Hot news! We announce our new heat demand model that estimates space heating and hotwater demand of swiss buildings using machine learning. Knowing the heat demand of any particular building is a key piece of information for many use cases involved in the energy transition. Actual heat demand measurements are often not easily accessible. Hence, an accurate heat demand model on building-level will be valuable to many of our customers, the stakeholders of the energy transition. Results: We developed a model for estimating the energy reference area, one of the most important input features for estimating the heat demand of a building, where we obtain a median absolute percentage error of 9%, compared to 15% obtained by the common approach of multiplying the building area times the number of floors. Considering heat demand estimation, our machine learning model obtains a median absolute percentage error of 21%, compared to 32% obtained by a comparable "standard" approach. Our insight analysis shows that our trained model recovers relationships between the estimated heat demand and some important input features (such as, construction year and specific hotwater demand) from our dataset that agree well with values used in the literature. For other input features (such as, heating degree days), the recovered relationships look different than one would expect from reading the literature.

Figure 1: We all use heat to create a friendly atmosphere as long as we can remember. Image by Moein Moradi from pexels.

## Why Using a Machine Learning Model?

When we want to make an offer for installing a new heating system, or plan the construction of a district heating network, or identify buildings with a high retrofitting potential, or make analyses about the current and future energy consumptions of a region, we always need to know the heat demand of single buildings.

Often, the first choice would be to work with actual heat consumption measurements. However, depending on what type of company or organization we belong to, we might not have easy access to actual measurements. If we do have access to measurements, we might still not be allowed to use them for all of our use cases due to data protection reasons.

And even if we have access to measurements and are allowed to use them, we are likely to be confronted with a couple of technical issues, such as:

that we are actually interested in a particular building, but the heating system producing the measurements for that building is actually used to heat multiple buildings,

or only part of the building,

or hasn't been run/measured for a whole year period,

or is used either for space heating only or space heating and hotwater production combined, but we are interested in two separate demands for space heating and hotwater each,

or even worse, we don't know exactly the details of the measurement acquisition process concerning any of the above points.

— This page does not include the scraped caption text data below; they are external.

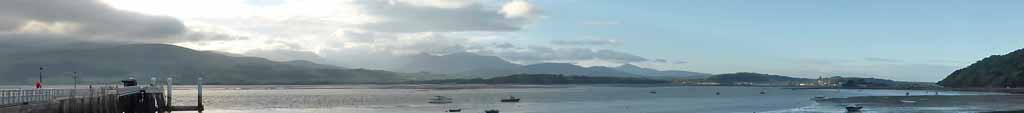 Clearing sky in the W as viewed across the Menai Strait from Beaumaris.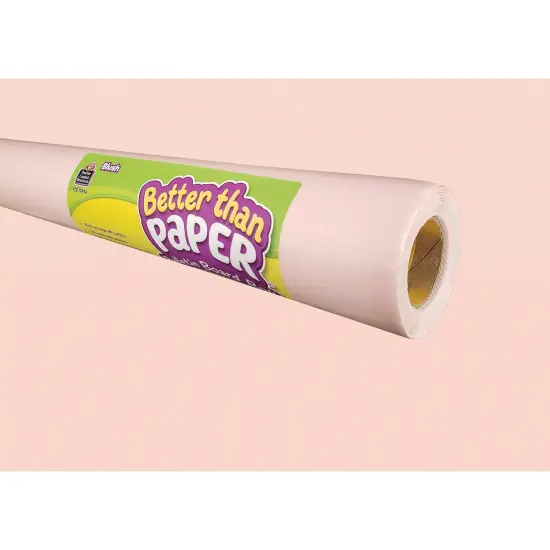 Blush Better Than Paper Bulletin Board Roll, 4' x 12', Pack of 4 {2}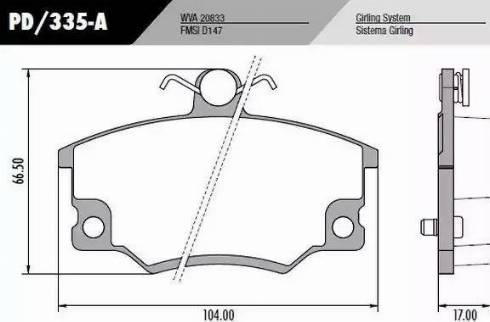 FRAS-LE PD335A - Kit de plaquettes de frein, frein à disque cwaw.fr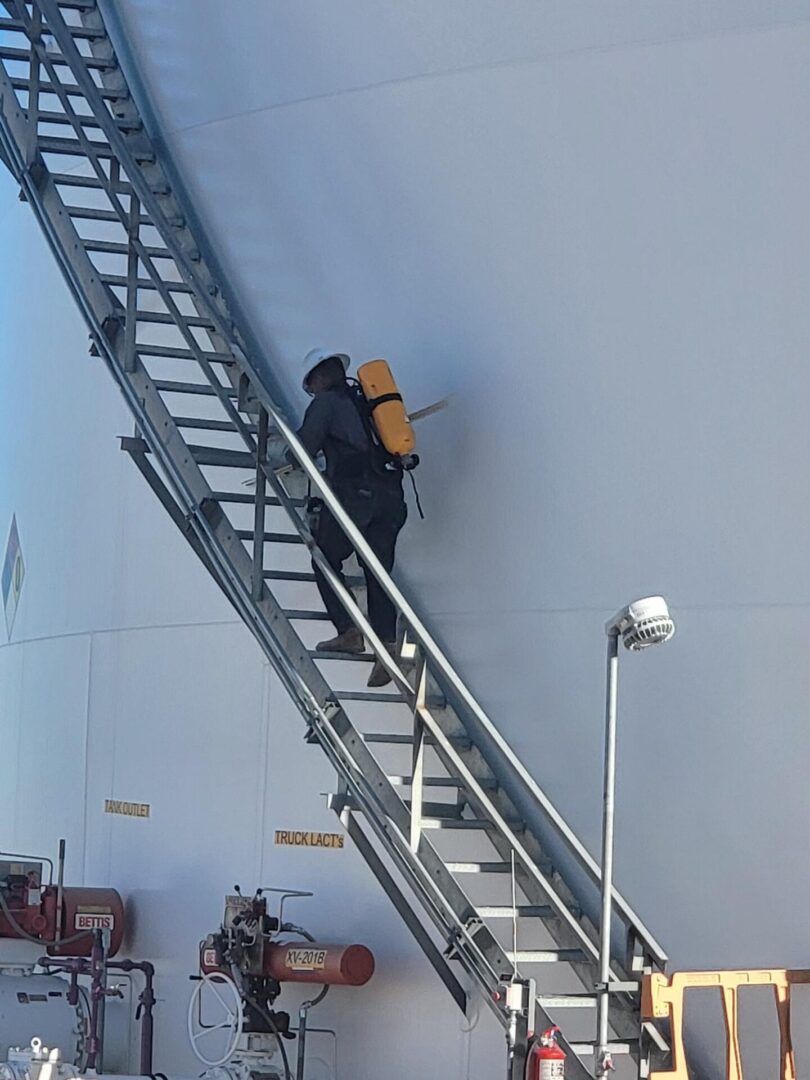 Pipeline tank inspection in Midland 2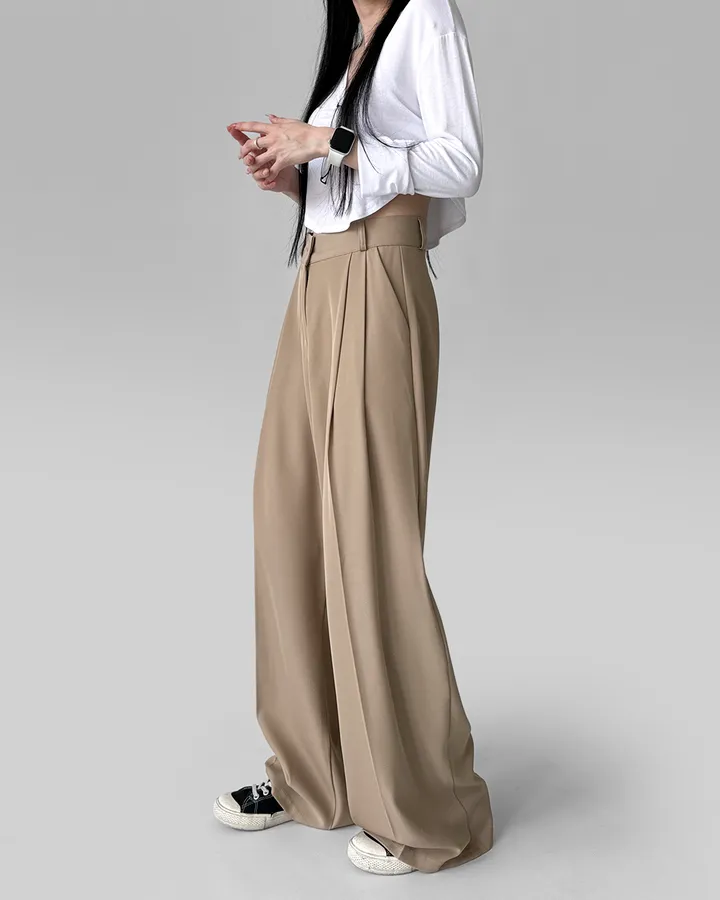 [4계절템/숏,롱/~2XL] 올리브유 메가 통 와이드 더블 핀턱 사계절 슬랙스 상세 이미지 55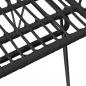 Preview: Gartenstühle 2 Stk. mit Armlehnen Schwarz 56x64x80 cm PE-Rattan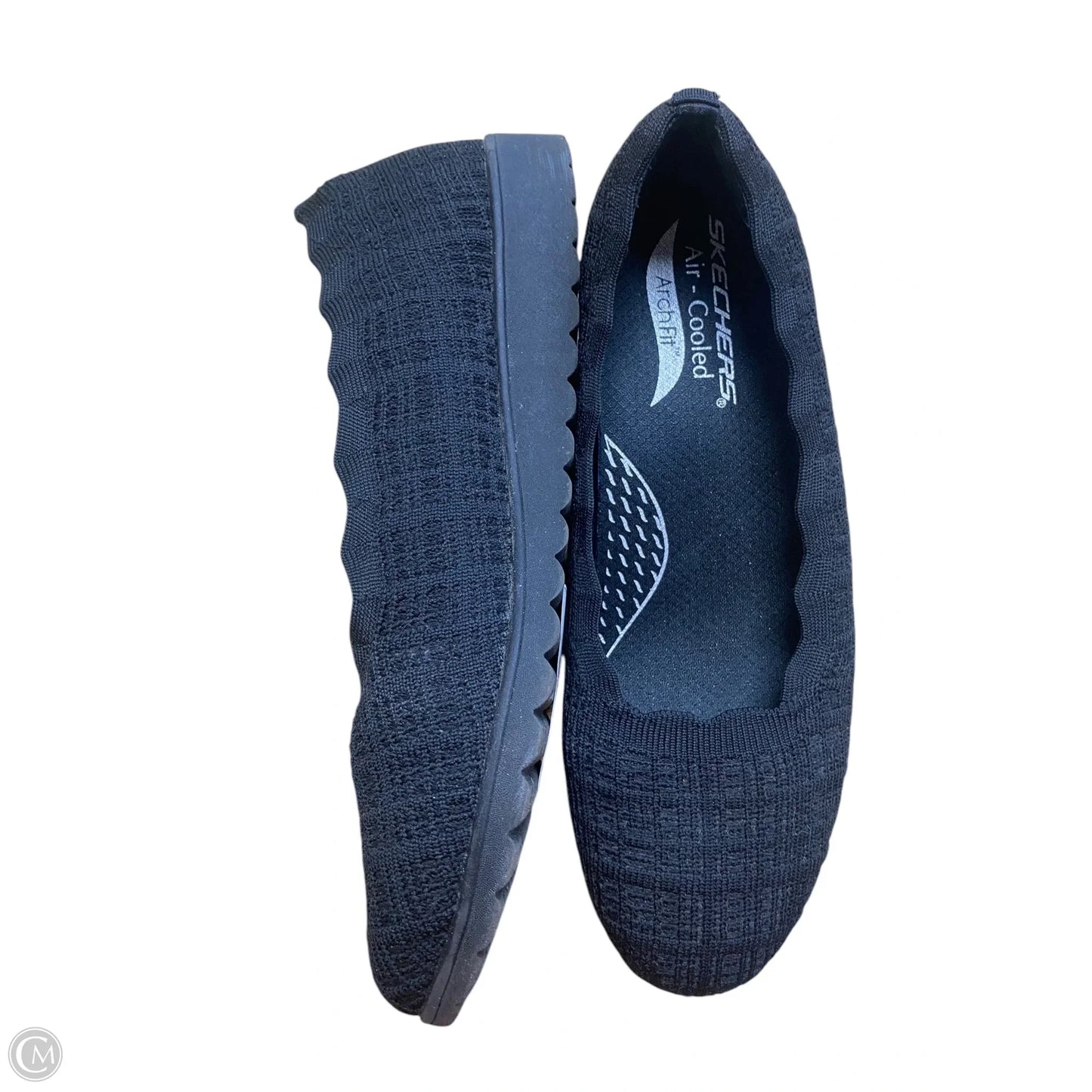 Shoes Flats By Skechers In Black, Size: 9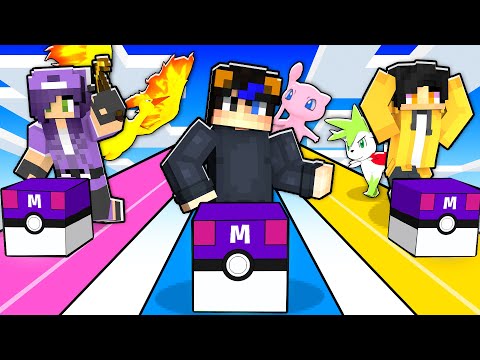 LEGENDARIA CARRERA DE LUCKY BLOCKS Pixelmon en Minecraft!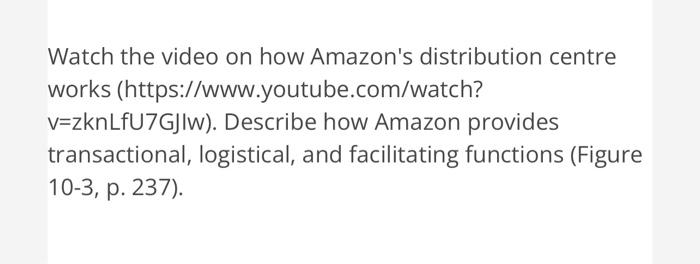 Watch the video on how Amazon's distribution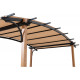 Pérgola Skuta 406x259cm de acero termolacado con aspecto de madera y poliéster - Sunjoy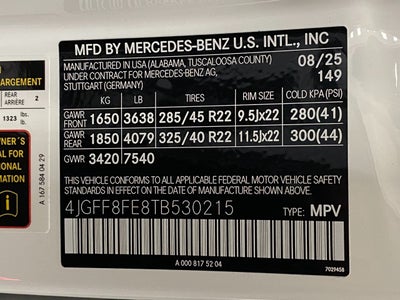 2026 Mercedes-Benz GLS GLS 580 4MATIC® SUV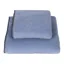 Earthbound Stitched Fleece Blanket Sky Blue and Navy Thread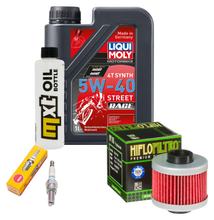 Kit d'inspection 1L 5W-40 + filtre à huile + 1x bougie pour BMW C1 125 ccm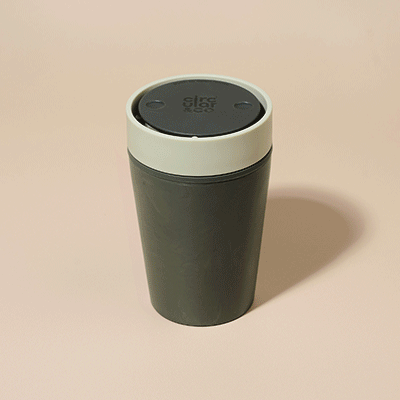 Picture of ROUND RESUABLE CUP MADE FROM MARINE TRACEABLE PLASTIC 8OZ ECRU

In any of these cases using a model can be a viable alternative to direct measurements. When using a model, it is always clear for which building with which attributes we are making a prediction. (At least in theory; in practice there might also exist uncertainties in the attributes of a building, i.e., the input features. For many building attributes it should usually be possible to manually validate the plausibility, where for raw heat consumption measurements this is very hard.)

Further, modelled heat demands may serve as a reference to which we can compare measured consumptions, in order to detect unexpectedly low or high values in measurements.

### Machine Learning vs. Other Approaches

Commonly used methods calculate the heat demand by multiplying the energy reference area times the specific heat demand (measured in kilowatt hours per square meter) [1, 2]. The energy reference area is usually approximated by the building area times the number of floors. The specific heat demands for space heating and hotwater usually are modelled as average values over different building categories that defined based on several attributes, such as, building class, construction period, last renovation of the building, and climatic conditions at the location of the building.

With a machine learning approach, in contrast, we fit a parametric model to a dataset consisting of a (basically arbitrary) set of building attributes as input features and one target (or output) variable, i.e., measured heat demands in our case. Once the model is fitted, we can make predictions of the output variable given the set of input features of any particular building. Of course, in practice the set of input features shouldn't be arbitrary but carefully adapted to the problem at hand.

Some advantages that come with our machine learning approach are:

it gives more accurate predictions compared to commonly used models,

the model is based on real measurements, and in this sense only contains correlations that actually exist in reality,

additional input features, i.e., more detailed informations about the buildings, can be integrated into the model straight away (given that they are available for the majority of buildings in Switzerland),

new heat demand measurements, either from more current years or from other regions in Switzerland, can be easily integrated into the model by retraining the model with the additional measurements,

from the trained model we can get insights about how the heat demand depends on different attributes,

the model can be used to simulate future scenarios based on today's and past measurements.

For the technically interested readers, we describe our model in greater depth in the following.

## The Model

Inspired by the methods in [1], as a first step we fit two additional models to estimate two key input features, namely the energy reference area that is also used by conventional methods as described above, as well as the heating degree days that account for the climatic conditions.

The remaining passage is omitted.